Desses 22 réus, saltam à vista os seguintes nomes:
- Alejandro Andrade Cedeño (ex-tesoureiro nacional da Venezuela durante o Governo de Hugo Chávez) foi detido em 2019 e viu serem-lhe apreendidos cerca de mil milhões de dólares (cerca de 926 milhões de euros) em fundos. Fechou um acordo de colaboração premiada (denominado de “plea bargain” e que pode ser consultado aqui) com o Departamento de Justiça num processo aberto no Distrito Judicial do Sul da Flórida, confessando-se culpado dos crimes de corrupção e branqueamento de capitais em 2018, foi condenado a uma pena de 10 anos de prisão. Recebeu mais tarde uma redução de 65% da pena e foi libertado em fevereiro deste ano. Até ao momento, foi o ex-responsável venezuelano mais importante a colaborar com os Estados Unidos.
- José Orlando Camacho (ex-vice-presidente financeiro da PDVSA) foi acusado pelo Departamento de Justiça de ter sido subornado, juntamente com Ivan Alexis Guedes (ex-diretor de compras da PDVSA), por dois empresários venezuelanos. Foi condenado em maio de 2021 no Texas a uma pena de prisão efetiva de um ano e dois meses de liberdade condicional. Ficou sem 1,3 milhões de euros que lhe foram apreendidos em contas bancárias nos Estados Unidos.
- Gabriel Arturo Jimenez Aray (ex-dono do Banco Peravia da República Dominicana) foi condenado em 2018 a uma pena de prisão de três anos por ter utilizado a sua instituição financeira para pagar subornos a diversos responsáveis políticos venezuelanos — um ponto em comum com o que se suspeita que tenha acontecido no BES e nas suas subsidiárias internacionais, nomeadamente no Dubai. Foram-lhe apreendidos cerca de 38 milhões de dólares (cerca de 35,2 milhões de euros).

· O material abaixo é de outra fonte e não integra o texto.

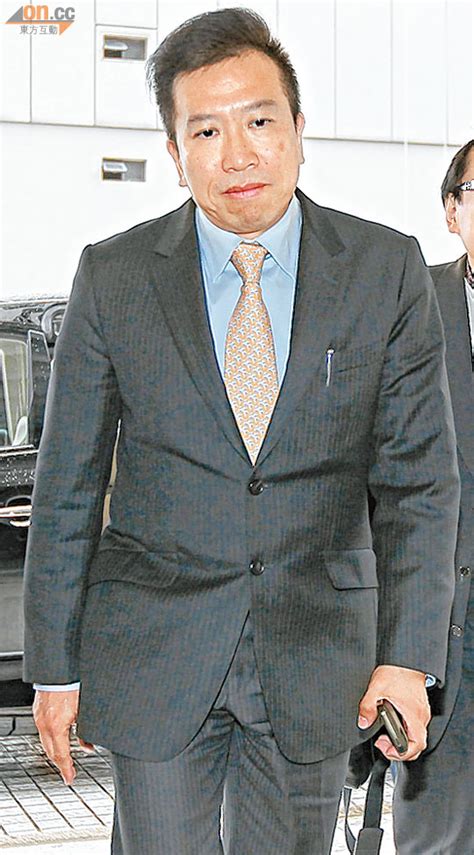 龔如心為贏爭產 限定員工服色 - 東方日報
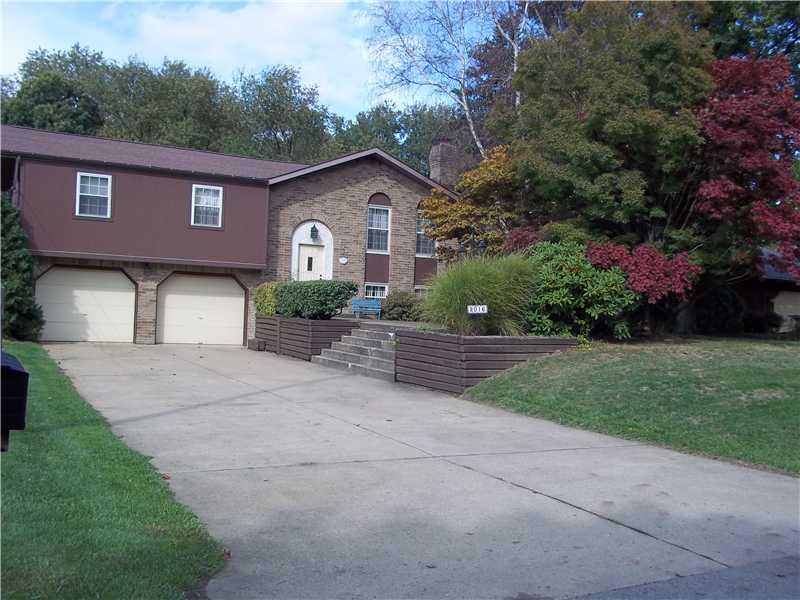 2016 Kentucky Lane Rochester, PA 15074 - Photo 1 of 25 Exterior Front.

- Abraham Edgardo Ortega (ex-administrador executivo da PDVSA entre 2014 e 2016) foi condenado a uma pena de prisão efetiva de dois anos em maio de 2021. Antes tinha feito um acordo de colaboração premiada, tendo confessado que tinha aceite subornos de cinco milhões de dólares (cerca de 4,6 milhões de euro) de um banco francês e de um banco russo que assinaram acordos com a PDVSA. Ortega terá ainda participado em esquemas de branqueamento de capitais superiores a cerca de mil milhões de euros.

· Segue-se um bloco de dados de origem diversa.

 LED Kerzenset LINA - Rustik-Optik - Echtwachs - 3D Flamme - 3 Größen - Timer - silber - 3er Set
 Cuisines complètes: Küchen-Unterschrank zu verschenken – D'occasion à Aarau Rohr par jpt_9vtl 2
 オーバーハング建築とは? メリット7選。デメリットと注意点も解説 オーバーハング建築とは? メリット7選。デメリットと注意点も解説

Apesar de já ser impossível que a Justiça portuguesa consiga acompanhar este ritmo intenso das autoridades norte-americanas na luta contra a corrupção na Venezuela, é expectável que até ao final do ano seja deduzida a acusação do processo do caso GES/BES relacionado com o regime de Hugo Chávez e Nicolás Maduro.
O Observador participou no “U.S. Anticorruption Efforts Virtual Reporting Tour” a convite do Departamento de Estado do Governo dos Estados Unidos da América. Os briefings com responsáveis norte-americanos citados neste artigo fazem parte desse programa.